先日の記事「ギネスもクラフトビールだと思うんです。」で、&Crafts ではクラフトを「個性」と捉えていると紹介しました。&Crafts は手仕事の美しい飲み物を祝福するメディアであり、何より私は個性のあるモノや人が好きなんです。
クラフトビールを通して、大量生産的ではない手仕事の魅力に気づきました。それはどういうことかというと、良いものをしっかり自分自身で見極め選択していく必要があると感じたんです。
役に立たないものや、美しいとは思わないものを家に置いてはならない
―ウィリアム・モリス
私が生まれたのは1985年。昔と比べれば欲しいものは簡単に手に入るし、ものがないというのを経験してない世代です。資本主義が物欲を満たしてくれたけど、はたしてそれは幸せだったのでしょうか。
家庭でも学校でも右にならえと育てられ、みんなの考えに同調し、同じものを食べて、同じものを身に着ける。私は幼いころ自分には個性がないとコンプレックスに思っていたことがあるほどです。
もしかしたらそれは今も変わらず思っているのかもしれない。他の人と違うことをやらなければと脅迫観念のようにつきまとっていました。でも人間根っこから変わることはそう容易いことではないので、いつも中間をとってきたように思います。

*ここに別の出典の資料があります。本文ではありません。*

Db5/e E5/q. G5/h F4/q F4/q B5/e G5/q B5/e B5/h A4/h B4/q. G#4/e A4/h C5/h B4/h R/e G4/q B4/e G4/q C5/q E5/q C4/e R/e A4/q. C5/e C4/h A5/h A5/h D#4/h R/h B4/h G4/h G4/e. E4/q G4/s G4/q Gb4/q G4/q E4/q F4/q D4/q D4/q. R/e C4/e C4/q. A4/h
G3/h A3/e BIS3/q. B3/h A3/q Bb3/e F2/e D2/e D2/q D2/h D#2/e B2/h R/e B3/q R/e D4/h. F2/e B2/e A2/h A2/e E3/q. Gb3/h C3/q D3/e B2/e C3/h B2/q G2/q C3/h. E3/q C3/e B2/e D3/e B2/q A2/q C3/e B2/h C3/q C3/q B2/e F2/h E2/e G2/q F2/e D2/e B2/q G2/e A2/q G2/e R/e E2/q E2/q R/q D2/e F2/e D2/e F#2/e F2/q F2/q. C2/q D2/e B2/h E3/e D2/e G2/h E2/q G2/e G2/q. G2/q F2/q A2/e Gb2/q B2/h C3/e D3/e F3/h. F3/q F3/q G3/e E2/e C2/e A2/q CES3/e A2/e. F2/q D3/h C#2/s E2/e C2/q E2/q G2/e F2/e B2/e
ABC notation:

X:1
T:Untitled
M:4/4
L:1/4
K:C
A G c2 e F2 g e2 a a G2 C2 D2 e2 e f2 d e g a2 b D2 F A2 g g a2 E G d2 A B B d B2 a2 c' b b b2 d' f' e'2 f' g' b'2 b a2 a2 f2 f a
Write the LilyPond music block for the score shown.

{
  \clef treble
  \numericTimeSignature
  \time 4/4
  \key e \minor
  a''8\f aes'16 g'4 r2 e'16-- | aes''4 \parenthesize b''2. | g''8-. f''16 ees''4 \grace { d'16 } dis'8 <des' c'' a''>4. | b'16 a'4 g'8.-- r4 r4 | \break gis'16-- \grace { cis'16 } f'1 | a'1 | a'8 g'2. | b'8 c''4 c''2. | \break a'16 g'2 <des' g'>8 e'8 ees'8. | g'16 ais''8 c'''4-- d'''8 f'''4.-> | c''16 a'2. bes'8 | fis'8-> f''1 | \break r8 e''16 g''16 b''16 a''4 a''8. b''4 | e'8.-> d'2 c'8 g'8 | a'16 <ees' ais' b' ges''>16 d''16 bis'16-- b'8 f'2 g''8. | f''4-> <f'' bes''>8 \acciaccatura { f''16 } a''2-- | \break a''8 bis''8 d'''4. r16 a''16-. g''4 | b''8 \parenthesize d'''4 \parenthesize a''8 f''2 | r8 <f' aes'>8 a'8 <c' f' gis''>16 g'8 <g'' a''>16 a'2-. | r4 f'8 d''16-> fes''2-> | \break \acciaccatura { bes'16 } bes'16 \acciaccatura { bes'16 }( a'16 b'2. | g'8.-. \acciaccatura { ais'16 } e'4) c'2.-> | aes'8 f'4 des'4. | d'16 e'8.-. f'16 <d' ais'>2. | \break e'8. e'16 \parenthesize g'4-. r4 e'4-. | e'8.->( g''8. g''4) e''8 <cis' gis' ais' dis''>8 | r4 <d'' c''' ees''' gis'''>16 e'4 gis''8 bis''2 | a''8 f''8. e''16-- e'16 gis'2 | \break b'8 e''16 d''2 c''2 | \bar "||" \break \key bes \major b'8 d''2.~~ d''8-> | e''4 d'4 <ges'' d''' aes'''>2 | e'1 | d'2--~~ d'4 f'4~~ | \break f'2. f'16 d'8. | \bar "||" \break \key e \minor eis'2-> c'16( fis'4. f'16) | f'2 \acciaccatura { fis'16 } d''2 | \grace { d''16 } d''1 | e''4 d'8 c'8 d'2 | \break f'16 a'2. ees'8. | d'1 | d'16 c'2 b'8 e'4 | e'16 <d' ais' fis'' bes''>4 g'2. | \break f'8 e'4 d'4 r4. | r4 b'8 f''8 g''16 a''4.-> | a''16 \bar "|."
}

本サイトはそんな自分への反抗心が動力源になっています。そしてサイトタイトルのとおり、&Crafts はアーツ・アンド・クラフツ運動の影響を受けています。
アーツ・アンド・クラフツ運動
アーツ・アンド・クラフツ運動とは、1880年代に始まった手工芸復興運動です。その主導者であったウィリアム・モリスの名前を聞けばピンと来る方も多いのではないでしょうか。
当時、産業革命は粗悪な大量生産品をもたらしていました。そんな機械生産に対して、画家や建築家、デザイナーを中心に手づくりの復興を掲げ、生活と芸術の距離を近くすることを目指した運動です。
関連の著書を何冊か読んでいるが、なかでも運動の変遷を記した「アーツ・アンド・クラフツ運動」の次の言葉が印象的。
人びとは手ばかりでなく、頭と心も機械的になっている。
長らくITの世界に勤めてきた自分は特にその影響を受けやすいのかもしれません。みなさんも現代人は効率を追求しすぎていると思うことはないでしょうか。
とはいえ、手仕事を猛烈に信奉し、機械を徹底的に批判するつもりはない。企業努力によって生み出された安価で高品質な恩恵もたくさん受けているのだから。
ただ、情報操作や食品偽装など度を超えた商業主義があまりにも横行してないでしょうか。そんな見せかけの幸せになんの価値があるのか。さらに同著の言葉を引用すると、
作り手の喜びも製品の個性も皆無だった。
手工芸ギルド学校を設立したチャールズ・ロバート・アシュビーは商業主義の産物をこう評しました。喜びとともに、個性を追求する。これこそ、現代にも通ずる作り手の理想の姿ではないでしょうか。